La conocida luego como rebelión de Nat Turner, protagonizada por unas docenas de esclavos y hombres libres negros, fue sofocada de forma drástica a las pocas horas, pero constituyó el germen de la conciencia como pueblo de muchos esclavos y fue elevada a la categoría de acontecimiento emblemático en la iconografía de los negros americanos más reivindicativos. Esta es la tesis de la película: El Nacimiento de una Nación a la que se refiere es el nacimiento de la nación afroamericana, ejemplificada a través de un líder carismático, una especie de profeta iluminado del que surgió la semilla sureña que hizo crecer en los negros la conciencia de su dignidad y su sentimiento como parte de la nación norteamericana manifestado unos años más adelante en la guerra de secesión (y que se expone en la elíptica y elocuente secuencia final del soldado unionista). A la vez, el título del film es una clara ironía y una contestación airada a la película de D.W.Griffith, El Nacimiento de una Nación (en este caso la blanca americana), pues el filme de 1915 es una incontestable obra maestra en cuanto a lenguaje cinematográfico, pero con un contenido claramente racista, una apología de la función del Ku Klus Klan donde los negros (interpretados por actores blancos con la cara pintada) eran mostrados abiertamente como seres aviesos e inferiores.

El film fue premiado en 2016 como mejor película y premio del público en el festival de cine de Sundance, en otro tiempo la meca del cine independiente y que claramente va perdiendo fuelle en los últimos años.

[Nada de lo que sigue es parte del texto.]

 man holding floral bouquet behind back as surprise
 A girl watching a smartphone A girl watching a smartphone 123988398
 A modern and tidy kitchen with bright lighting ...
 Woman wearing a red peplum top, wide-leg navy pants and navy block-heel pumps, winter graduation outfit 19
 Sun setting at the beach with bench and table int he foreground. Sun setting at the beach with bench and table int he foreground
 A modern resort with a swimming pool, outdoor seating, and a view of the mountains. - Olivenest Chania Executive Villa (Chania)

Este galardón (a mi juicio excesivo) posiblemente tenga una explicación más bien sociológica al producirse inmediatamente después de la polémica por la nula representación de artistas negros en la anterior edición de los oscars, con amago de boicot inclusive. Pero parece que esa circunstancia fue más bien una casualidad, pues ya estaban en proyecto estupendas películas que ahora ven la luz y están cosechando premios como Figuras Ocultas, Fences, Loving o Moonlight que tienen precisamente el tema racial como ingrediente fundamental.

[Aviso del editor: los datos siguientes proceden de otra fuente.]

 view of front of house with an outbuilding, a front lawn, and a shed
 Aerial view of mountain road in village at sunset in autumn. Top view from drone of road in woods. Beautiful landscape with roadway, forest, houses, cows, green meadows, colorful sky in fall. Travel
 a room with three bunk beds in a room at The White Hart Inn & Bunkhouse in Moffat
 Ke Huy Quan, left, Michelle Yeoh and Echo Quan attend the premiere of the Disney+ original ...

No cabe duda que El Nacimiento de una Nación es una cinta bienintencionada (aunque no obstante  justifique la violencia como única reacción posible frente a la injusticia) y se percibe que su director Nate Parker (a la vez guionista y protagonista absoluto) se ha dejado la piel en el proyecto, pero la sensación final es que resulta un filme excesivamente militante, demasiado efectista y sentencioso. En la parte épica, salvo momentos puntuales en que se muestran algunas atrocidades, le falta energía y garra, y paradójicamente resulta exagerada en la visión profética y mesiánica del protagonista. En la parte emocional o melodramática hay instantes en que roza el ridículo -como en las escenas amorosas. Aún así, se quedan en la retina algunos momentos de impacto fílmico como cuando suena el impresionante tema Strange Fruits (extraños frutos que cuelgan de los árboles, en referencia a los ahorcados) interpretada por Nina Simone, que aparece en el tráiler, o el mencionado momento elíptico final del soldado.

En definitiva, El Nacimiento de una Nación adolece de los defectos propios del biopic histórico reivindicativo y militante, fundamentalmente el del ensalzamiento excesivo e idealización del héroe, soslayando los aspectos negativos de su historia, que los hubo. Y pese a algunos destellos de valor, es una producción que no logra desprenderse del tufo tele fílmico en el fondo y en la forma.

El Nacimiento de una Nación
5
El Nacimiento de una Nación
The Good
  • El momento en que suena Nina Simone.
The Bad
  • La visión mesiánica del protagonista y que se oculten algunos aspectos reales de la historia.